(Stored items)
▬▬▬▬▬▬▬▬▬▬
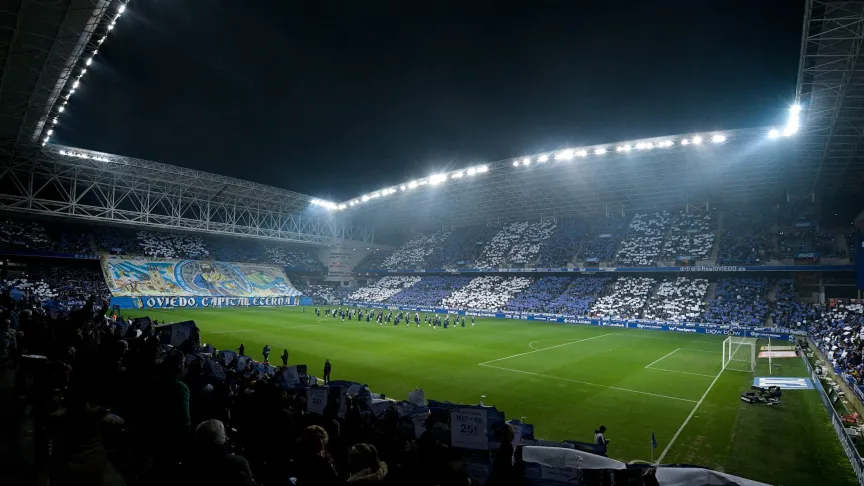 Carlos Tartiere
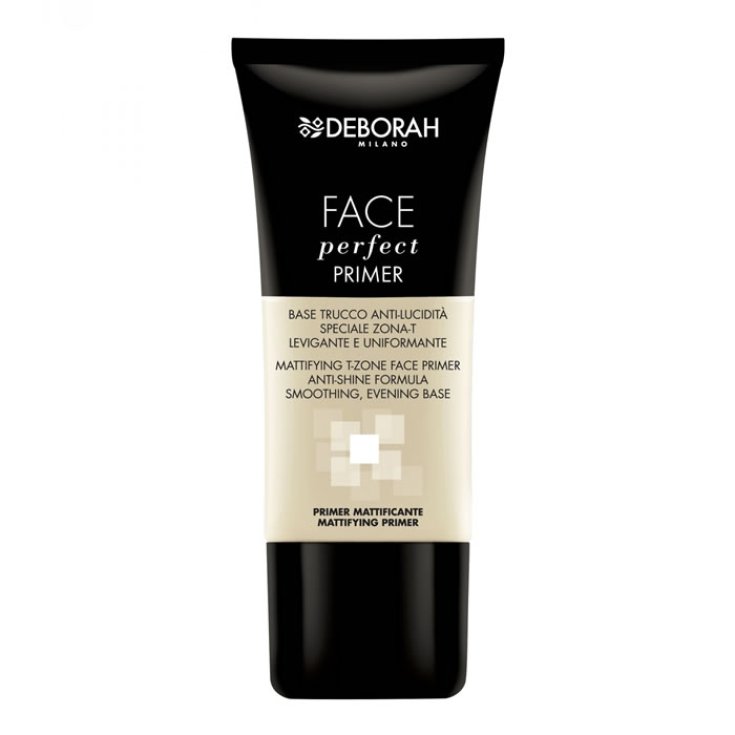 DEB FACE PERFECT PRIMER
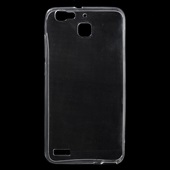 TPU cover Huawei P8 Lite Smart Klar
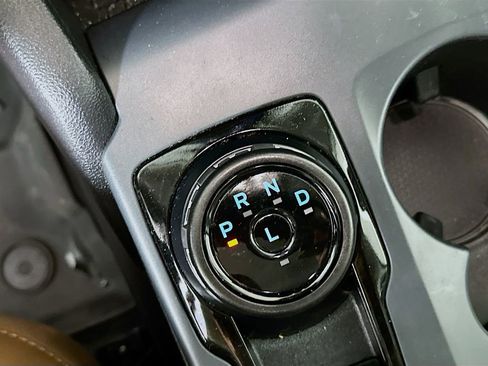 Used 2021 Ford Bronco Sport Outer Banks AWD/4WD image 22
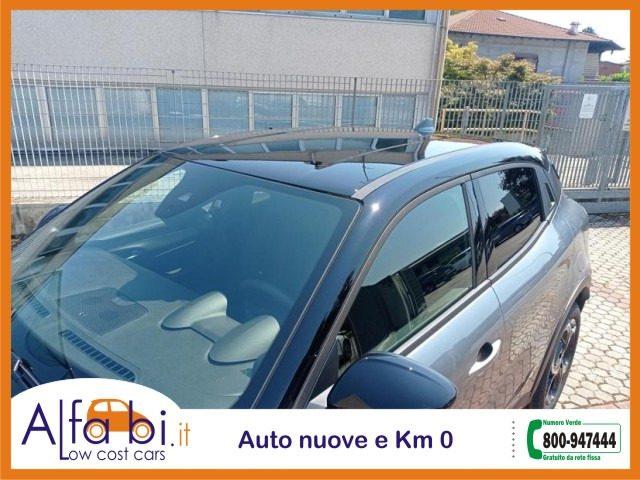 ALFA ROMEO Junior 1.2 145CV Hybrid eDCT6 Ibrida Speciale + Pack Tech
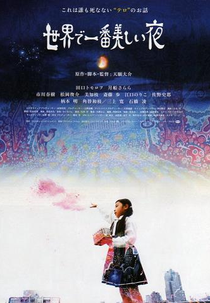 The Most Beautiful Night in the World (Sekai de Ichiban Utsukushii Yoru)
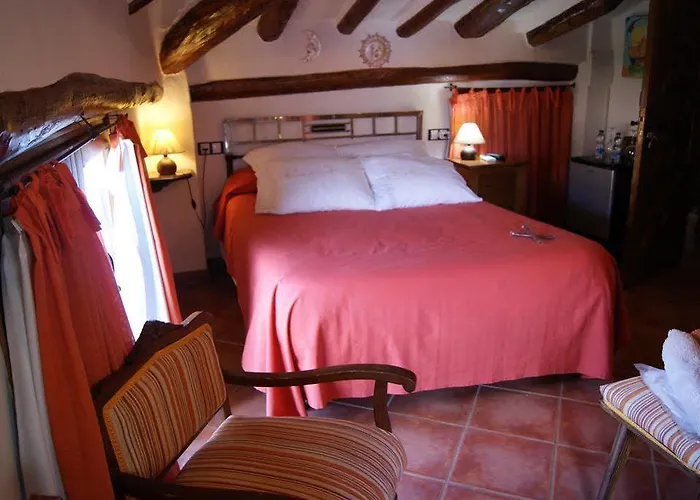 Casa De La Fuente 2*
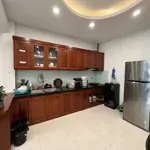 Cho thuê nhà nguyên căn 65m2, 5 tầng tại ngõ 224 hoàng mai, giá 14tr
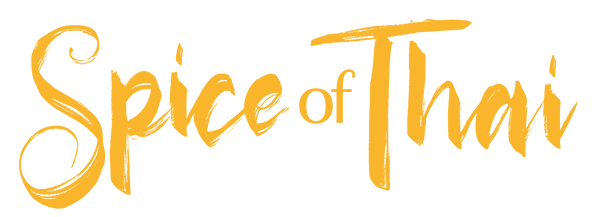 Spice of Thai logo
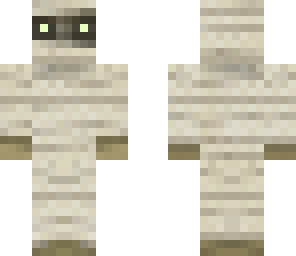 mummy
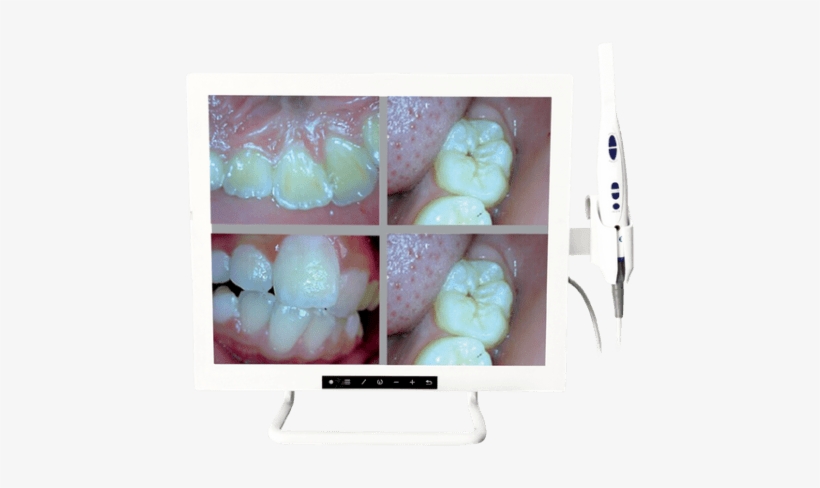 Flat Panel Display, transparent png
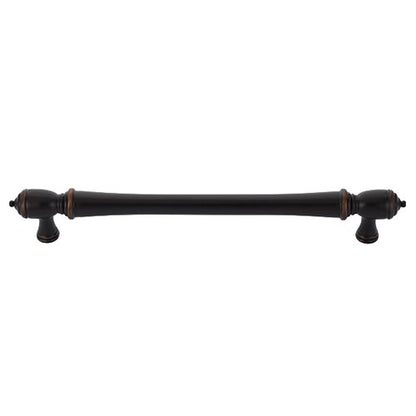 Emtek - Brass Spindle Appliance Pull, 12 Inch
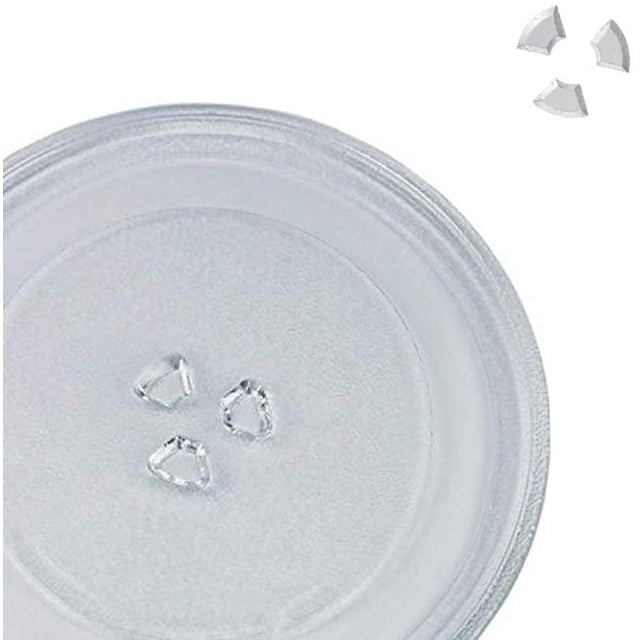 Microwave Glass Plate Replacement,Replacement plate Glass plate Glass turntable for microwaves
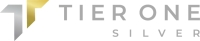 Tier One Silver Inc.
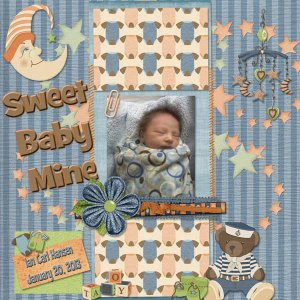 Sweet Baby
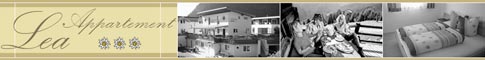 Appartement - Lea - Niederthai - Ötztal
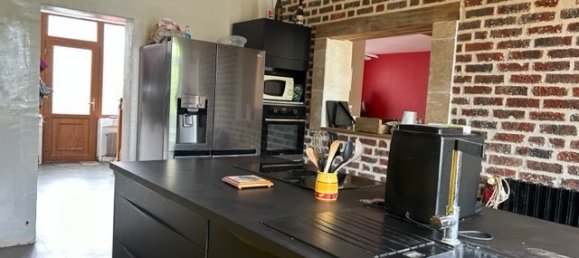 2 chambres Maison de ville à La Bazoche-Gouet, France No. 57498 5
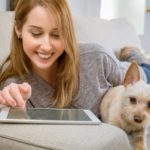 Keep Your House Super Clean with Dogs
▬▬▬▬▬▬▬▬▬▬
Exact copies of the entries above are needed, with every picture removed.

▶ **EXERCISE SOLUTION**
 Carlos Tartiere
 DEB FACE PERFECT PRIMER
 TPU cover Huawei P8 Lite Smart Klar
 Used 2021 Ford Bronco Sport Outer Banks AWD/4WD image 22
 ALFA ROMEO Junior 1.2 145CV Hybrid eDCT6 Ibrida Speciale + Pack Tech
 The Most Beautiful Night in the World (Sekai de Ichiban Utsukushii Yoru)
 Casa De La Fuente 2*
 Cho thuê nhà nguyên căn 65m2, 5 tầng tại ngõ 224 hoàng mai, giá 14tr
 Spice of Thai logo
 mummy
 Flat Panel Display, transparent png
 Emtek - Brass Spindle Appliance Pull, 12 Inch
 Microwave Glass Plate Replacement,Replacement plate Glass plate Glass turntable for microwaves
 Tier One Silver Inc.
 Sweet Baby
 Appartement - Lea - Niederthai - Ötztal
 2 chambres Maison de ville à La Bazoche-Gouet, France No. 57498 5
 Keep Your House Super Clean with Dogs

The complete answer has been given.